Section 14.3Tax Refunds. The Parties shall be entitled to any refund, offset or credit with respect to Taxes for which the Party is responsible pursuant to Section 14.1 or Section 14.4. If a Party receives a refund, offset or credit to which the other Party is entitled, the Party receiving the refund, offset or credit shall pay it to the Party entitled to the refund within ninety (90) Business Days after receipt and usage thereof.
Section 14.4Transfer Taxes. Buyer shall be responsible for and indemnify Sellers against any state or local transfer, sales, use, stamp, registration or other similar Taxes resulting from the transactions contemplated by this Agreement. The Parties shall reasonably cooperate in good faith to minimize, to the extent permissible under applicable Law, the amount of any such Taxes.

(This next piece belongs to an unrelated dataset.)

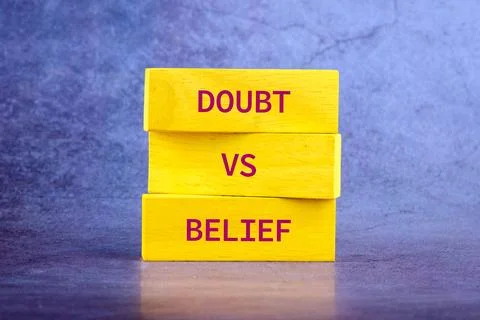 Three yellow blocks are stacked on top of each other with the words doubt and Stock Photos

Section 14.5Tax Treatment of Indemnities. Any indemnity paid by a Party to another Party pursuant to this Article XIV or Article XIII shall be treated for federal, state and local income Tax purposes, as an adjustment to the Purchase Price, unless otherwise required by Law or as agreed by the Parties.
Section 14.6Survival and Conflict. Notwithstanding any provision of this Agreement to the contrary, the obligations set forth in Article XIV shall survive Closing for the applicable statute of limitations plus 90 days. Further, in the event of a conflict between the provisions of this Article XIV and any other provision of this Agreement, this Article XIV shall control.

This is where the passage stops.